I would prefer not to have to make a separate function with an else if for each students average (so I would know how to scale this to more than 3 inputs), and I am not sure how I can index the averageGrades array in the function so that I can console.log each element (student) of the averageGrades array and have the else if statement evaluate that particular element (student).
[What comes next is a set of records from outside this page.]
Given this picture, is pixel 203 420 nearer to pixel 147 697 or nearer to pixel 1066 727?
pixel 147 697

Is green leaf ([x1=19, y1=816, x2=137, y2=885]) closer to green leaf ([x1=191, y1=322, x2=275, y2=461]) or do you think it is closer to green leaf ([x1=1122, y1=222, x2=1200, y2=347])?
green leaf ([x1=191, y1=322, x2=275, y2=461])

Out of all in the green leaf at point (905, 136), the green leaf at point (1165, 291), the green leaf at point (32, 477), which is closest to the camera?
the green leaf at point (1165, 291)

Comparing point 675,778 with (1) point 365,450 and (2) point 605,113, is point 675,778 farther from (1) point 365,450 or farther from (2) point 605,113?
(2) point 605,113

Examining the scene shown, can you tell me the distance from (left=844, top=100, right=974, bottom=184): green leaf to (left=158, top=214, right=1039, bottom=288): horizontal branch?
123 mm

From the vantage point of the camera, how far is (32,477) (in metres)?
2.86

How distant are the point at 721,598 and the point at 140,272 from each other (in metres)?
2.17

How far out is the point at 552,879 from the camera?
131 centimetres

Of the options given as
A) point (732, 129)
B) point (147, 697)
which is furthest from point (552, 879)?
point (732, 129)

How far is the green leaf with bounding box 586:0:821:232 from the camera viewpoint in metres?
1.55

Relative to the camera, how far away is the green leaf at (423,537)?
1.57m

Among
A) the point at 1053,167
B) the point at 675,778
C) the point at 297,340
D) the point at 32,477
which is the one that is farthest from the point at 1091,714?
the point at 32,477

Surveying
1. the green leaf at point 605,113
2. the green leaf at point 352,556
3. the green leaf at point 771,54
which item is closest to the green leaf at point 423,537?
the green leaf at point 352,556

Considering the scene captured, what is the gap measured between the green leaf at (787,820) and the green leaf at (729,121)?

I also tried making an averageGrade variable for each student so that the averageGrades array had single values and not a full equation but ran into the same problem.

var studentGrades = [
  [80, 90, 94],
  [80, 90, 94],
  [80, 90, 94]
]
var studentAvgerages = [
  (studentGrades[0][0] + studentGrades[0][1] + studentGrades[0][2]) / 3,
  (studentGrades[1][0] + studentGrades[1][1] + studentGrades[1][2]) / 3,
  (studentGrades[2][0] + studentGrades[2][1] + studentGrades[2][2]) / 3
]
for (var i = 0; i <= studentAvgerages.length; i++) {
  function evalGrades(studentAvgerages[i]) {
    if (studentAvgerages[i] >= 90) {
      return "A"
    } else if ((studentAvgerages[i] >= 80) && (studentAvgerages[i] < 90)) {
      return "B"
    } else if ((studentAvgerages[i] >= 70) && (studentAvgerages[i] < 80)) {
      return "C"
    } else {
      return "Failed"
    }
  }
}

console.log(evalGrades(studentAvgerages[0]))
console.log(evalGrades(studentAvgerages[1]))
console.log(evalGrades(studentAvgerages[2]))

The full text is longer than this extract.